Information provided »
● ● ● ● ●
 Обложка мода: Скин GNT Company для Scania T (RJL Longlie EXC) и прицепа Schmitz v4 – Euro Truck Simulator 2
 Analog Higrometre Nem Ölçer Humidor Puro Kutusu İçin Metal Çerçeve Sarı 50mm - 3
● ● ● ● ●
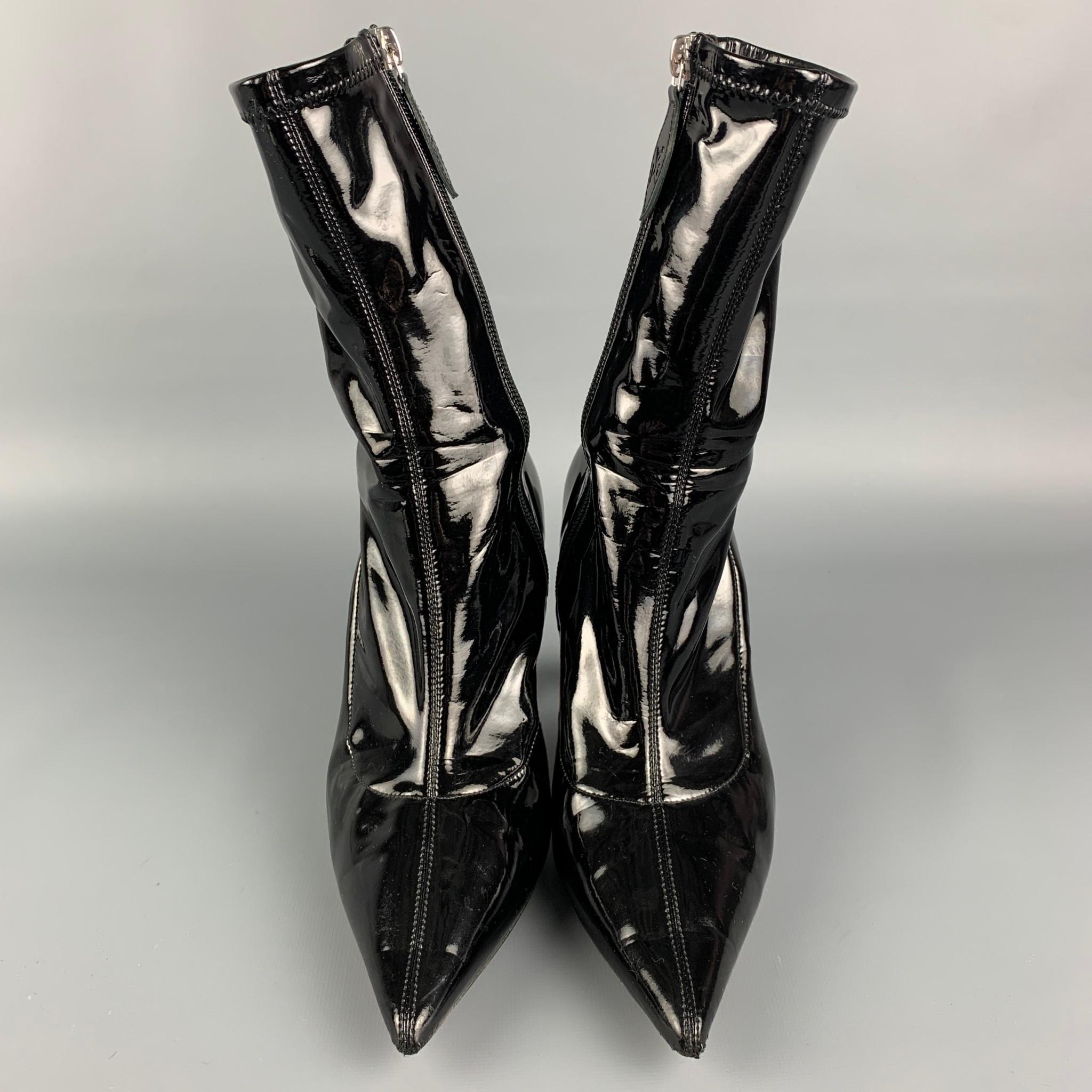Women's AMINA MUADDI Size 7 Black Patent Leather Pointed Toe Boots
● ● ● ● ●
Your goal »
Which lines above run from the one containing "Обложка мода: Скин" to the one containing "Analog Higrometre Nem"? Give them again exactly, both ends included.

Output for this exercise »
 Обложка мода: Скин GNT Company для Scania T (RJL Longlie EXC) и прицепа Schmitz v4 – Euro Truck Simulator 2
 Analog Higrometre Nem Ölçer Humidor Puro Kutusu İçin Metal Çerçeve Sarı 50mm - 3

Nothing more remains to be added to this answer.